Flint, Michigan can’t seem to catch a break.
This one proud titan city, where some of the brilliant minds that helped birth the automotive industry had lived and worked, was brought low once the factories closed, leaving the city desperate to figure out what next.
The city had built itself around the automotive industry. So much so, that there was a short-lived amusement park in honor of it. After those jobs left though, the city and its leaders struggled with what to do next. Something many of us have had to face personally. We rely on something always being there and when it’s gone…what do we do?
That was when the decline started for the city and it too decades to finally halt it and to start fighting in earnest against it. That isn’t to say that people weren’t always fighting but it takes time to really understand how deep some wounds are. We are still reeling from COVID-19 and it’s been several years now since its apex.
Since 2014, the city of Flint has seen a massive water crisis, COVID-19, drama with the city council, school closures, corruption, and the hits keep coming. Some wounds have been self-inflicted but others weren’t.
At the heart of all of it are the people that are there, going through it all. Fighting through it all.
The prevalence of ruin-porn has become larger and larger as it has become monetized via social platforms and the influx of “citizen journalists” and “documentary crews” has been a part of it.
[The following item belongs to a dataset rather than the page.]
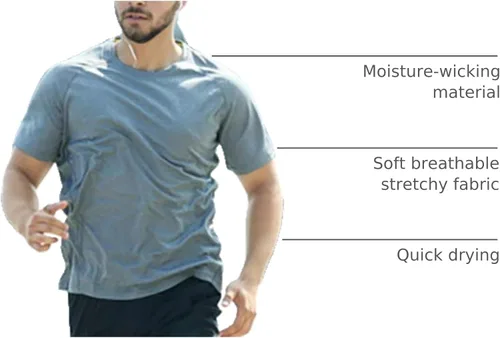 Miniatura 18 de Camisetas de entrenamiento para hombre, de manga corta, de secado rápido, atlético, gimnasio, activo, absorbe la humedad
When the water crisis hit there were all manner of wannabe journalists that came here wanting to tell the story. They wanted to scandal, the drama, and the blood.
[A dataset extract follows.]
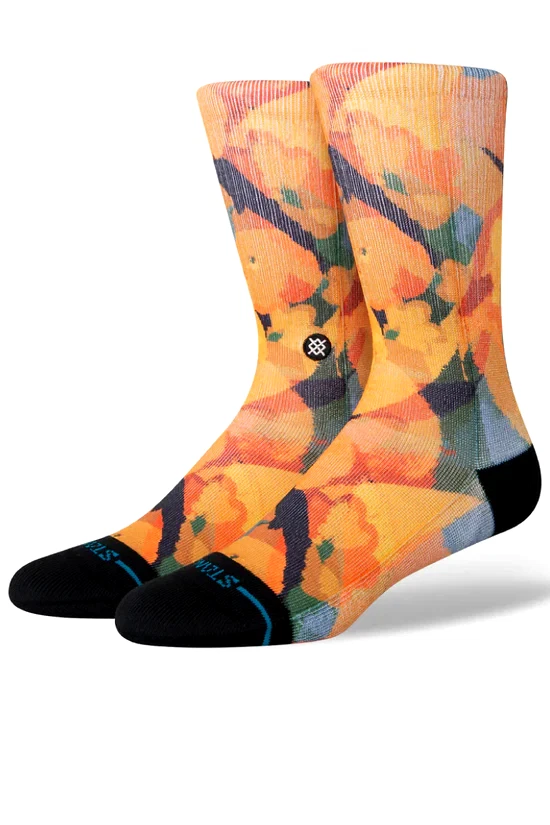 Stance Adulto Negro Naranja Crew Poliéster Cojín Floral Llaves Calcetines Informales L 9-13 Foto 1 de 1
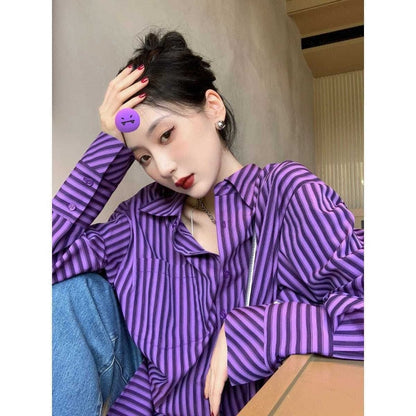 jinran Purple Striped Shirt Fashion Women Blouses Casual Youth Long Sleeve Tunics Women's Clothing Spring Summer Tops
And there was plenty to go around.
They wanted enough juice from the lemon to get some publicity and to make some money for the story, photos, or videos.
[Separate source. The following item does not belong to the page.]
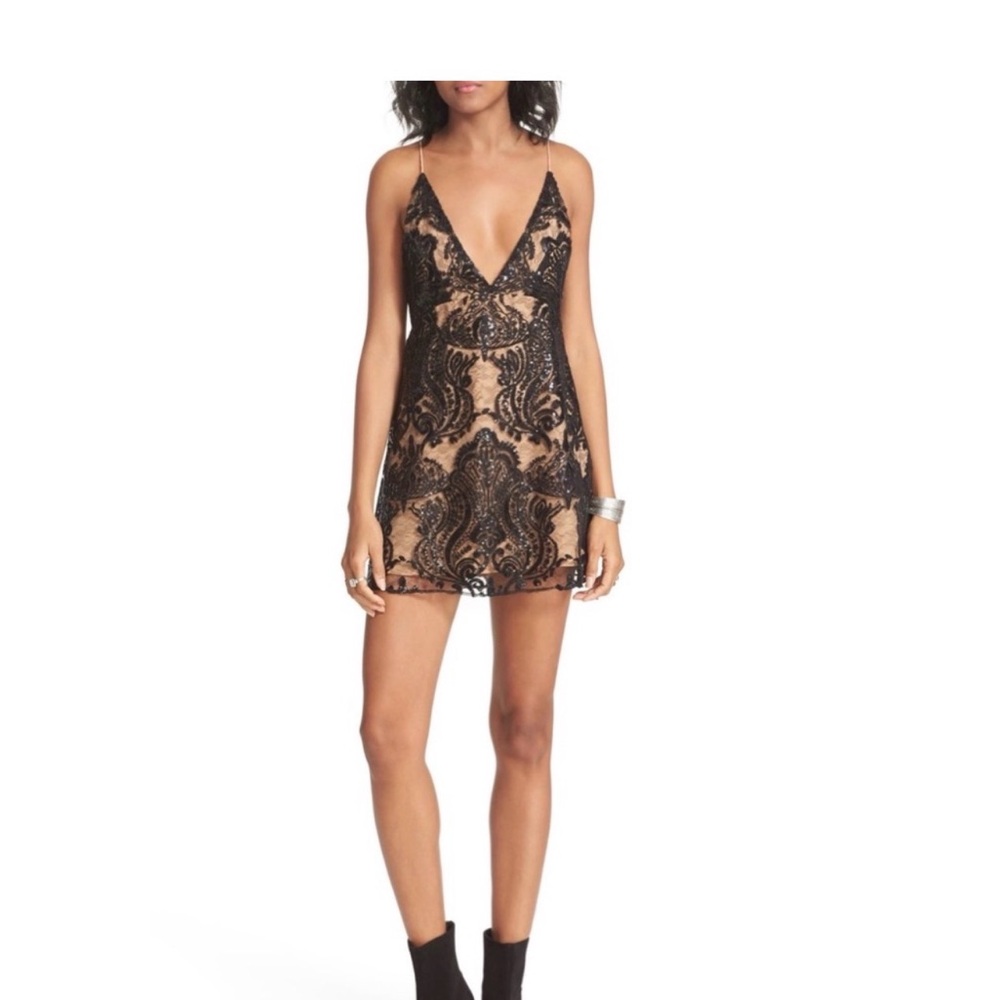 Free People Black and Tan Lace Mini Dress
Oh, sure, some really wanted to help, but most of them were just taking advantage of people who felt voiceless and wanted to tell their stories.
We lived it.
We went through it.
It was surreal.
We had a stack of bottled water in our dining room.
Even today, eleven years after it started we haven’t gotten resolution to the settlement over the whole thing – though it IS getting closer, it seems.
There are lots of sad stories in Flint, and they deserve to be told. But to just tell those stories and pretend that’s all there is to the city is a disservice to the place and people, but is also a disservice to the audience. Just like it is to pretend that everything is rosy there.
Go to ANY city and you can cherry pick the blighted areas and the poorer areas. It’s awful, but that’s part of the landscape of the American dream. Some is generational, some institutional, some is a run of horrific luck, and some of it is just bad choices.
We see the blight in cities because in small towns we say – oh, that’s just an old farm, when we see a dilapidated barn, overrun land, and a battered home. Or we say someone is eccentric when their house is full of hoarded items from inside to out. We forgive the small towns and rural areas because it’s more spread out. To see concentrated blight is more impactful because it’s all together. It’s not easy to just get rid of though. Someone owns the property and until some sort of imminent domain is pulled, they can do with it as they will. Or won’t.
Some people just cannot afford to do the basic maintenance to keep things up.
It happens.
Sending crews in to speak to people who are stressed, disillusioned, angry, and unheard will always get you views. People love it. Especially with a city like Flint. A “Democratic” city, a city with a lot of lower income, a lot of People of Color, and a lot of bad luck. It allows folks to point and say – yeah, see, that’s why this happened, as they fish for their own bias to put on the city.
Flint is more than its ruin.
It is artists who come together to work on murals to beautify the city.
It is dreamers who pour every dollar they have into a start-up business.
It is foundations serving the people and helping them overcome hardship.
It is after-school programs to educate and enrich children.
It is nonprofits fighting to help people be heard and seen.
It is festivals, and music, and art, and creatives, and business people, and restaurants, and bars, and culture.
Come to one of the summer festivals in Flint and tell me the city is dead.
Tell me it’s ruined.
That doesn’t mean things are perfect, at all.
It means that people are fighting to make the city better.
And the city is nothing if not a bunch of fighters.
Every person in the city of Flint has a story to tell, from the poet looking for love to the lawyer looking for justice to the mother struggling to keep the electricity on in her family’s one-parent home. I am old enough not to believe that the world is fair or just but trying to take advantage of a place and people who had had hardships is just exploitative.
Flint’s hardships are well cataloged by now.
How about telling the stories of people fighting to keep the lights on?
Shoot, I did free and inexpensive events in the city for well over ten years because I love the place and the people.
We need to stop using people’s tragedies to make money.
We need to do better than to go to the hardest hit areas and to speak to a few people and call the story done.
Yeah, Flint has a lot that’s happened to it but showing just the bad parts is like walking into a movie at the end and telling people you saw the show.
You saw nothing.
You learned nothing.
You know nothing.
So stop using Flint as your ruin-porn buffet.
Go create content that changes the world, not that just keeps people ignorant.